“Very well,” said the girl, in demure tones, though lambent mirth still flickered, golden, in the depths of the brown eyes. “If you persist, I can only suggest that you come back when Judge Ackroyd is here. You won’t find him particularly amenable to humor, particularly when perpetrated by a practical joker in masquerade.”
“Discovered,” murmured Average Jones. “I shouldn’t have vaunted my poor French. But must I really take my little friends all the way back? You suggested to the mystic voice within that I might be invited inside.”
“You seem a decidedly unconventional person,” began the other with dawning disfavor.
“Conventionality, like charity, begins at home,” he replied quickly. “And one would hardly call this advertisement a pattern of formal etiquette.”

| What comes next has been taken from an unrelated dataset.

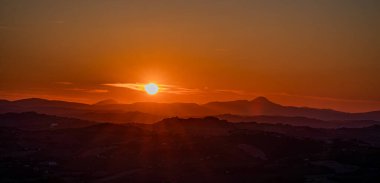 İtalya 'nın doğusunda yer alan Marş, Apennine dağları ile Adriyatik Denizi arasında yükselir..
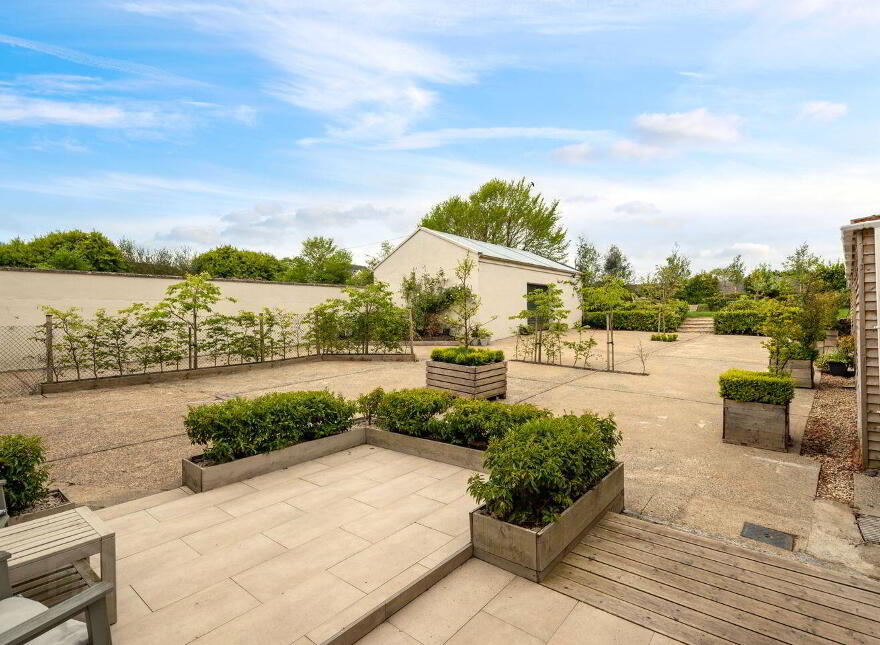 Earlswood House, Saltmills, Fethard-On-Sea, Y34T268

“True enough,” she admitted, dimpling, and Average Jones was congratulating himself on his diplomacy, when the querulous voice broke in again, this time too low for his ears.
“I don’t ask you the real reason for your extraordinary call,” pursued the girl with a glint of mischief in her eyes, after she had responded in an aside, “but auntie thinks you’ve come to steal my dog. She thinks that of every one lately.”
“Auntie? Your dog? Then you’re Sylvia Graham. I might have known it.”
“I don’t know how you might have known it. But I am Sylvia Graham—if you insist on introducing me to yourself.”
“Miss Graham,” said the visitor promptly and gravely, “let me present A.V.R.E. Jones: a friend—”
“Not the famous Average Jones!” cried the girl. “That is why your face seemed so familiar. I’ve seen your picture at Edna Hale’s. You got her ‘blue fires’ back for her. But really, that hardly explains your being here, in this way, you know.”